## [Aim of the task]
Your response to the data below should hold nothing except the lines from the one containing "French-style strapless sheer" down to the one containing "- 50 Rounds", reproduced exactly and without pictures.

## [Records shown]

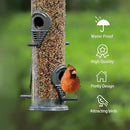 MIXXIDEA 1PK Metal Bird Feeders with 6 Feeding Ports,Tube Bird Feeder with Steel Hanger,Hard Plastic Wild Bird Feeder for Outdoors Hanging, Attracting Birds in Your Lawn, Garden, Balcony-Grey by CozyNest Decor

---

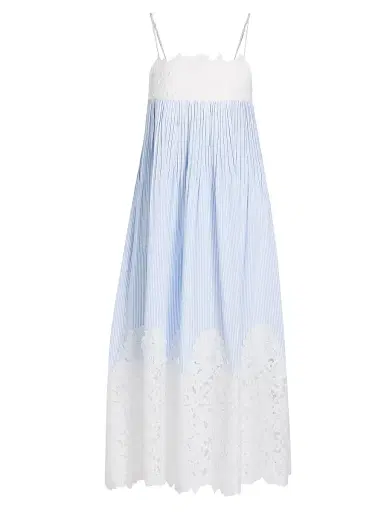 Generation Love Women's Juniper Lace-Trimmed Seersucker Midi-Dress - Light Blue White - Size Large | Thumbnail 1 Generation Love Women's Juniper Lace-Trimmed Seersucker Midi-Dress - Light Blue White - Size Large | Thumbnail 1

--

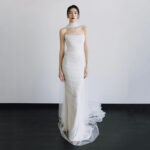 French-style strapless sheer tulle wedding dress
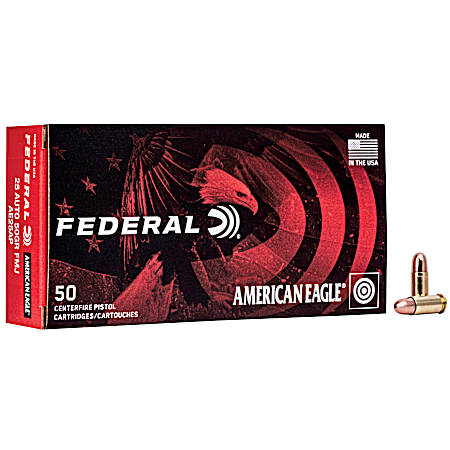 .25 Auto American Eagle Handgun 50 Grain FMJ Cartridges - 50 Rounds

## [Task answer]
 French-style strapless sheer tulle wedding dress
 .25 Auto American Eagle Handgun 50 Grain FMJ Cartridges - 50 Rounds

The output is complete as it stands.